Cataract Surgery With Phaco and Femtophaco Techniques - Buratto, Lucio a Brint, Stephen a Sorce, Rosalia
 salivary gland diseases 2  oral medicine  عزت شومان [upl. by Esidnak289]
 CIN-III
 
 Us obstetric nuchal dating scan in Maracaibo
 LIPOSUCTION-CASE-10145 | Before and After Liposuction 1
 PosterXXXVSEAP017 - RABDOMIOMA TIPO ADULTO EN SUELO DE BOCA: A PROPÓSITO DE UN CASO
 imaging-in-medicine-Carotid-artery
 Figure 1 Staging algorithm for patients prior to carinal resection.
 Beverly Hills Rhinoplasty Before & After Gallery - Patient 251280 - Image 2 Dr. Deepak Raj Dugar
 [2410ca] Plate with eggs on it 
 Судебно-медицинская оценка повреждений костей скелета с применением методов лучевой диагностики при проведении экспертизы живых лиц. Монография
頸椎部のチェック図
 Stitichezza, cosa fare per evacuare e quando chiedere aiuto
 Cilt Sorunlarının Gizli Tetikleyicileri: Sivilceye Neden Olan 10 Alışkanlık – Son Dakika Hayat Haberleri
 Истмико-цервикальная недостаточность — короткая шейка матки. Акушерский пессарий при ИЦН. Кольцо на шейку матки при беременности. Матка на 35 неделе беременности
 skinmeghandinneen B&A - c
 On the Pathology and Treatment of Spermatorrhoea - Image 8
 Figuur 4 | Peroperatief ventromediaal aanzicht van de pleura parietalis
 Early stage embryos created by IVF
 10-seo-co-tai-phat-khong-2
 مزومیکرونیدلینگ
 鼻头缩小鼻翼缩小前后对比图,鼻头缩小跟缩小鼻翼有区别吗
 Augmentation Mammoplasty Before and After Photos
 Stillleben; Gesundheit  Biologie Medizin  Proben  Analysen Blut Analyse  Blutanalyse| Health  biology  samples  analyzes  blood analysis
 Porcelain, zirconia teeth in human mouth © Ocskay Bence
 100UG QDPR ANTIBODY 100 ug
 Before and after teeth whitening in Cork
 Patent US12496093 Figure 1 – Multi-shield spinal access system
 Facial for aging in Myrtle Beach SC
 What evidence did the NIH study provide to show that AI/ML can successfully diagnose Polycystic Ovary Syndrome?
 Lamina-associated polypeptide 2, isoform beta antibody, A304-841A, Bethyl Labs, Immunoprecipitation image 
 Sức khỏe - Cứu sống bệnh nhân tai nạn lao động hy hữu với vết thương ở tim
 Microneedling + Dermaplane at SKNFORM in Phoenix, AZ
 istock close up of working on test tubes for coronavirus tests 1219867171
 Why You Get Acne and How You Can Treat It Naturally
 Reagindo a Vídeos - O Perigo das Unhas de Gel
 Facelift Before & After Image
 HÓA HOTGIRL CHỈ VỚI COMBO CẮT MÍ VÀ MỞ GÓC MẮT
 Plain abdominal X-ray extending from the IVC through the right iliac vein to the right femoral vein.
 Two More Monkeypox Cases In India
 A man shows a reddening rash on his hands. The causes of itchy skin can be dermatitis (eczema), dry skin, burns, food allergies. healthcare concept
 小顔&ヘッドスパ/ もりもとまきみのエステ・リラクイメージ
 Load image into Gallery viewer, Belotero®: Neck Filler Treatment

**TASK GOAL**
Please state how many lines in the listing above hold the string "Figure", and nothing more.

**REPLY TO THE EXERCISE**
2